Quand la mort est plus douce que la vie

- Publié le 11-06-2020 à 12h48
- Mis à jour le 11-06-2020 à 14h32
Après le succès du Verger de marbre (2016), Alex Taylor voit paraître en avant-première en français Le sang ne suffit pas (Bloods speeds the Traverler), un roman d'aventures aussi sombre qu'éblouissant. C'est d'abord l'écriture qui séduit, celle de celui qui eut plusieurs vies (fabrication de tabac et de briquets, démantèlement de voitures d'occasion, entretien de pelouses, colportage de sorgho) avant d'enseigner à l'université de Western Kentucky : une prose puissante, poétique, aussi à l'aise pour décrire la majesté de la nature et la rudesse du climat que les tourments et les bassesses d'âmes assoiffées. Le tout servant un scénario impeccable, riche en rebondissements et en épisodes d'une diabolique inventivité.
En fuite
Depuis qu'il a perdu sa femme et son jeune fils, emportés par la diphtérie, Reathel erre, espérant trouver en la fuite quelque apaisement. "Il était parti et maintenant il était là, fin de l'histoire. Il n'emportait ni sentiment, ni injonctions." L'hiver est rude en cette année 1748. Aussi, lorsqu'il trouve une cabane isolée au cœur des Crazy Jack Mountains, l'homme espère y trouver un peu de chaleur et de nourriture. À moitié loup, le féroce chien qui l'accompagne aura raison de l'hôte des lieux, un Allemand taciturne et récalcitrant. Mais ce dernier ne s'était pas réfugié là seul, il vivait avec une jeune femme, Della, qui est sur le point d'accoucher. Ils s'étaient mis à l'écart pour tenter d'échapper au destin, l'enfant à naître devant être remis au chef Black Tooth : tel est le prix qui a été négocié pour la paix entre les Shawnees et les Blancs qui vivent à proximité de la tribu indienne. Administré par des colons sous l'autorité d'Integer Crabtree, le Fort Bannock est un lieu indigent, au bord de la mutinerie. Sans l'offrande de ce bébé, le sort de la communauté sera scellé. Raison pour laquelle Cabtree envoie Bertram et Elijah Autry, deux frères habitués des missions rémunérées, récupérer l'enfant. Mais Della n'a pas dit son dernier mot.
Une question de survie
Pour Reathel et Della, qui décident de reprendre la route, la menace est omniprésente : le froid, l'ourse qui rôde, la faim qui étreint, les bois qui regorgent de dangers, les hommes cupides lancés à leurs trousses. Dans leur fuite, ils vont notamment croiser Simon Cheese, un Français qui s'est isolé dans une grotte et qui a réussi à amasser des victuailles, se retrouvant, dès lors, en position avantageuse. Mais sa survie n'a pas toujours été gagnée, et l'a poussé à d'innommables agissements à l'encontre de sa femme.

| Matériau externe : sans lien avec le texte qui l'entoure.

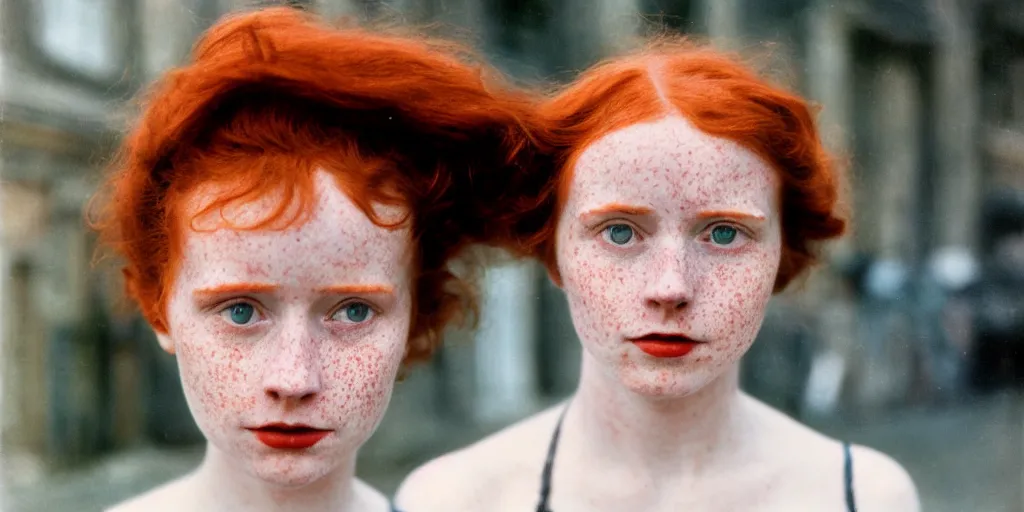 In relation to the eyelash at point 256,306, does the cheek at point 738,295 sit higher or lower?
higher

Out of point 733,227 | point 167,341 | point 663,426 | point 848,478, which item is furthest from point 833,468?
point 167,341

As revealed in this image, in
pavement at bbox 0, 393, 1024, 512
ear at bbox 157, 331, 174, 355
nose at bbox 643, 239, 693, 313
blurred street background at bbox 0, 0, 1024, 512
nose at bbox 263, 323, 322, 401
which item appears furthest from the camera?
pavement at bbox 0, 393, 1024, 512

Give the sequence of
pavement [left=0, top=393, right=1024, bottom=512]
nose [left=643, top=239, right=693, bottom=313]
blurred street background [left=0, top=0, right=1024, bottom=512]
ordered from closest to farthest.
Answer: nose [left=643, top=239, right=693, bottom=313] → blurred street background [left=0, top=0, right=1024, bottom=512] → pavement [left=0, top=393, right=1024, bottom=512]

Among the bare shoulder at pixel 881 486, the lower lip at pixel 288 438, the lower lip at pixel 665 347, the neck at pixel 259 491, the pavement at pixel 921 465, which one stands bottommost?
the pavement at pixel 921 465

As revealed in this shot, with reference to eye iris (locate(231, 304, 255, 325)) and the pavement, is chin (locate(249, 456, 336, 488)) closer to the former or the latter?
eye iris (locate(231, 304, 255, 325))

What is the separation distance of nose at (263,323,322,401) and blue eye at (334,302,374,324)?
74 mm

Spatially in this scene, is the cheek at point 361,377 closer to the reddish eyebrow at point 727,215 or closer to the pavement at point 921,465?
the reddish eyebrow at point 727,215

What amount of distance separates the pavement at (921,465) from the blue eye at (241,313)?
1092 mm

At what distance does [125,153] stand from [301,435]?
0.67 metres

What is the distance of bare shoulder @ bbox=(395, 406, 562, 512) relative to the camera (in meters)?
2.20

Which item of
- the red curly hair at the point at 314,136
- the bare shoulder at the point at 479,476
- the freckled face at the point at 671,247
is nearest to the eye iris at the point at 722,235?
the freckled face at the point at 671,247

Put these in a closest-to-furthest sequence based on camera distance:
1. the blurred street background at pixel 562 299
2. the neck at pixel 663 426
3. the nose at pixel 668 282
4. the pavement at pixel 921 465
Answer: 1. the nose at pixel 668 282
2. the neck at pixel 663 426
3. the blurred street background at pixel 562 299
4. the pavement at pixel 921 465

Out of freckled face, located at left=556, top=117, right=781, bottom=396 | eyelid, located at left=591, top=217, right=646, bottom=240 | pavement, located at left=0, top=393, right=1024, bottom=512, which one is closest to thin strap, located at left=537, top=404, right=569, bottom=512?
freckled face, located at left=556, top=117, right=781, bottom=396

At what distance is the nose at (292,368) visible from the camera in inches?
70.1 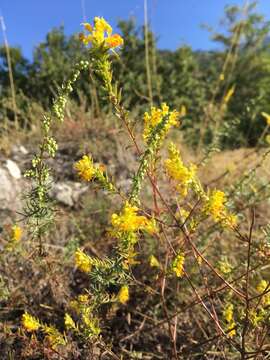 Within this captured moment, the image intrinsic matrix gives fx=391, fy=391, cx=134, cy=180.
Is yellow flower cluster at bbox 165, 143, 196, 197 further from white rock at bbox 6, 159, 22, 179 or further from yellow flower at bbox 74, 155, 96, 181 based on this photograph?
white rock at bbox 6, 159, 22, 179

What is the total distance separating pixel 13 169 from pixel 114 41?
221 centimetres

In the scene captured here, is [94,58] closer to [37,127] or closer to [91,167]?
[91,167]

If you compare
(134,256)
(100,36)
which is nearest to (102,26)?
(100,36)

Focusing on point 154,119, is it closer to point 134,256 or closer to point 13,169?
point 134,256

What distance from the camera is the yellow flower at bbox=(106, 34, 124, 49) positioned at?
3.35 ft

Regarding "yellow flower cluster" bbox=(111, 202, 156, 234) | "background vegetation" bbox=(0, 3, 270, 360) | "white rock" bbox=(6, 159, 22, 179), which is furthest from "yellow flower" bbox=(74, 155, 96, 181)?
"white rock" bbox=(6, 159, 22, 179)

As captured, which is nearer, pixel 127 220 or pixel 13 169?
pixel 127 220

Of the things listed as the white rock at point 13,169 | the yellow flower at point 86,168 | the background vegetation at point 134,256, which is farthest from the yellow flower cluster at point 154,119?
the white rock at point 13,169

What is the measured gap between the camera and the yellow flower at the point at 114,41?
102 cm

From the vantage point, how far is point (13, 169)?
3.03 metres

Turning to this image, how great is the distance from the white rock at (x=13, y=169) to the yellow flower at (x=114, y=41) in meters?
2.15

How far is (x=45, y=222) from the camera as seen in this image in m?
1.32

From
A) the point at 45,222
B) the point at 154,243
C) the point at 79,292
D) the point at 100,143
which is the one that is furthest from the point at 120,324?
the point at 100,143

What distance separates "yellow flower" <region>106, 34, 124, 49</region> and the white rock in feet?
7.04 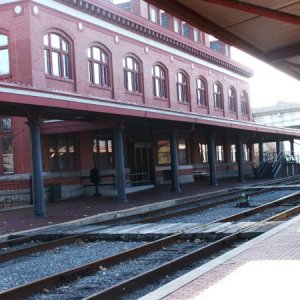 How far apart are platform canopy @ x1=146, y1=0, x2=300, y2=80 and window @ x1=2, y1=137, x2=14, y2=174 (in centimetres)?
1752

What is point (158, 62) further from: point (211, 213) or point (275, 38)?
point (275, 38)

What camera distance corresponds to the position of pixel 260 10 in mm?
6504

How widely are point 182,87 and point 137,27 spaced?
7972 mm

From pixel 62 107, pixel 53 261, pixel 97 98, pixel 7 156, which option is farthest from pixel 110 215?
pixel 7 156

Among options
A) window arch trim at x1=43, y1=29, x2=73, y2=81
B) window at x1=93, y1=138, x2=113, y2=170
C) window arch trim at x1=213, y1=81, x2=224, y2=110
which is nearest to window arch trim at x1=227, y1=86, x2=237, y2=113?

Pendant ce temps, Black Tooth commence à s'impatienter et prépare les siens à l'affrontement. Déterminé à résister sans en avoir vraiment les moyens, le Fort s'apprête de son côté à riposter de manière inattendue.

Dans la veine de l'œuvre de Donald Ray Pollock, Alex Taylor offre ici une épopée qui ravit par sa cohérence, son intensité, sa danse macabre avec des limites parfois franchies. Si ce qui est dépeint est çà et là effroyable, les descriptions, elles, ne rebutent jamais. Tout ici est question de survie, ce qui pousse inévitablement à des extrémités. Mais si ce monde à la lisière de l'humanité engendre la brutalité, l'égoïsme, la folie et la sauvagerie, les hommes n'en gardent pas moins une vie intérieure, souvent douloureuse, mais exempte de manichéisme. Au cœur de cette tempête, la dignité de Della et la droiture de Reathel, qui porte à jamais "une rayure dans le cœur", agissent tels des phares dans la nuit. Une nuit où rôdent de terrifiantes ombres, dès lors que la mort devient douce et salutaire à qui subit une vie qui n'en est plus une.
- Alex Taylor | Le sang ne suffit pas | roman | traduit de l'américain par Anatole Pons-Reumaux, Gallmeister, coll. Americana | 316 pp., env. 23 €, version numérique 15,99 €
EXTRAIT
"Des choses anciennes hantaient cette odeur... le cri de louveteaux, le goût d'un foie de wapiti, le clair de lune descendant froidement sur une rivière traversée par les cerfs dans l'étreinte silencieuse de l'hiver, et l'air paru soudain secoué par la force vivante et invisible des trésors que seules les bêtes peuvent conserver, elles qui connaissent l'ancienneté du sang et la forme du temps dans leurs griffes, dans leurs peaux, la puissance du souvenir insufflant dans leurs poumons une vie brûlante à la manière d'un soufflet."